* [YOUR OBJECTIVE]:
In the copy, include exactly the lines from the one with "Navy And White" through the end of the data and no others, both ends kept, with every picture left out.

Collected data entries:
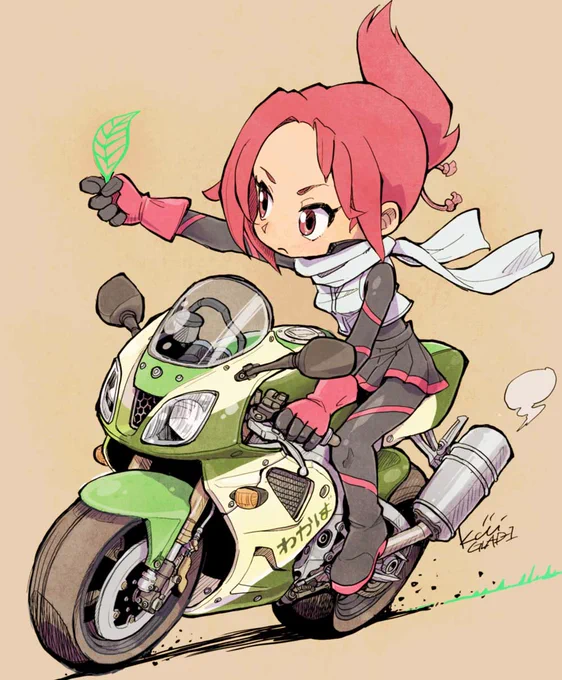 キャビンとかマルボロとかの広告の入ったレースのバイクがあったので、「わかば」というタバコのバイクをデザインしてみた。#ケムリクサ 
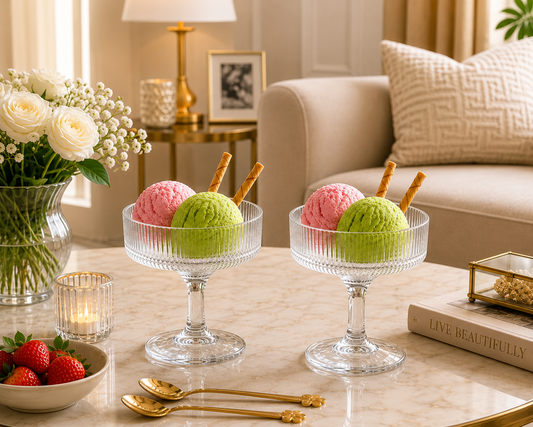 Elegant Glass Ice Cream Dessert Cups- Set of 6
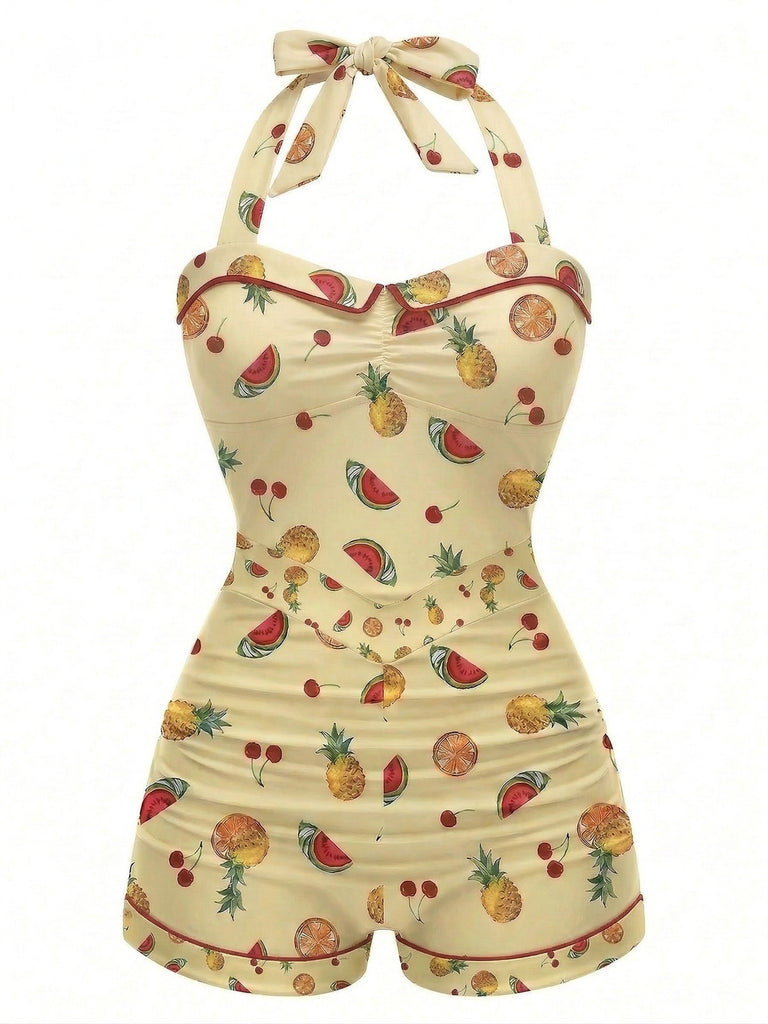 Maillot de bain une pièce jaune à dos nu et motif fruits années 1950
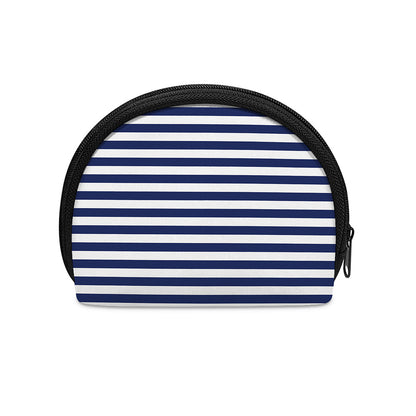 Navy And White Striped Pattern Print Coin Purse
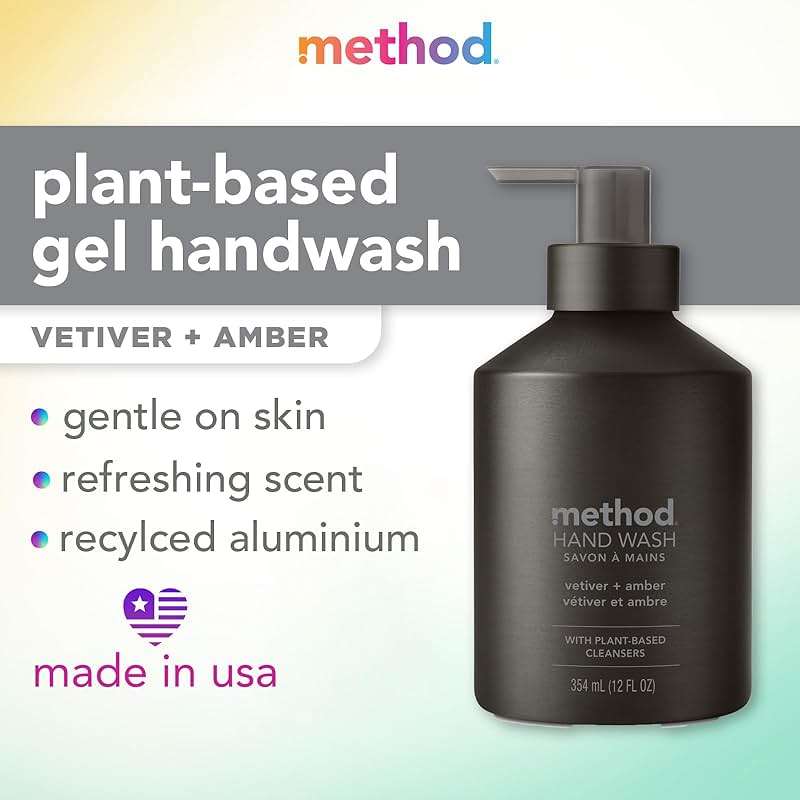 Method Gel Hand Soap, Vetiver + Amber, Reusable Black Aluminum Bottle, 12 oz (Pack of 3) - Image 2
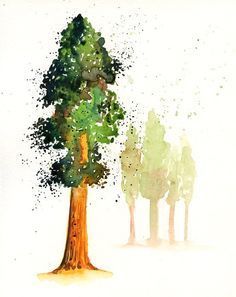 236x297 Watercolor Tree Painting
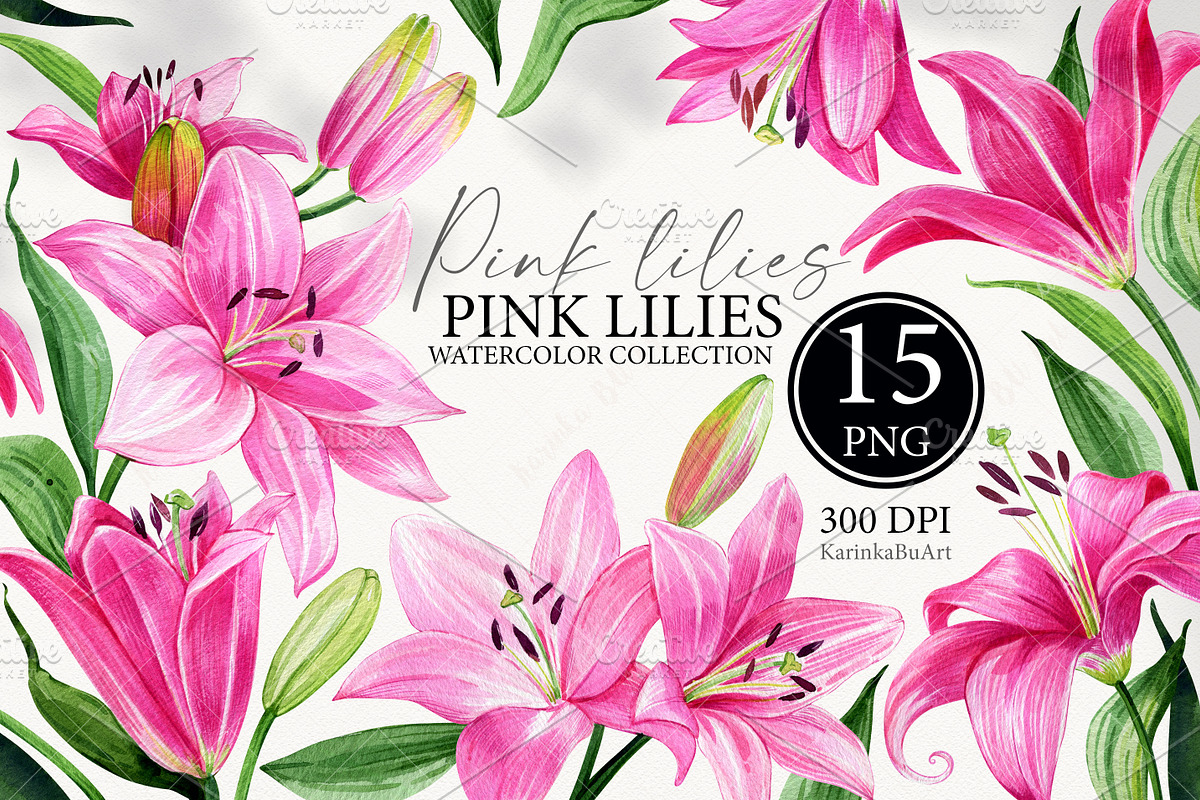 Watercolor Pink Lily Floral Elements, an Object Graphic by KarinkaBU (Photo 1 of 6)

* [TASK ANSWER]:
 Navy And White Striped Pattern Print Coin Purse
 Method Gel Hand Soap, Vetiver + Amber, Reusable Black Aluminum Bottle, 12 oz (Pack of 3) - Image 2
 236x297 Watercolor Tree Painting
 Watercolor Pink Lily Floral Elements, an Object Graphic by KarinkaBU (Photo 1 of 6)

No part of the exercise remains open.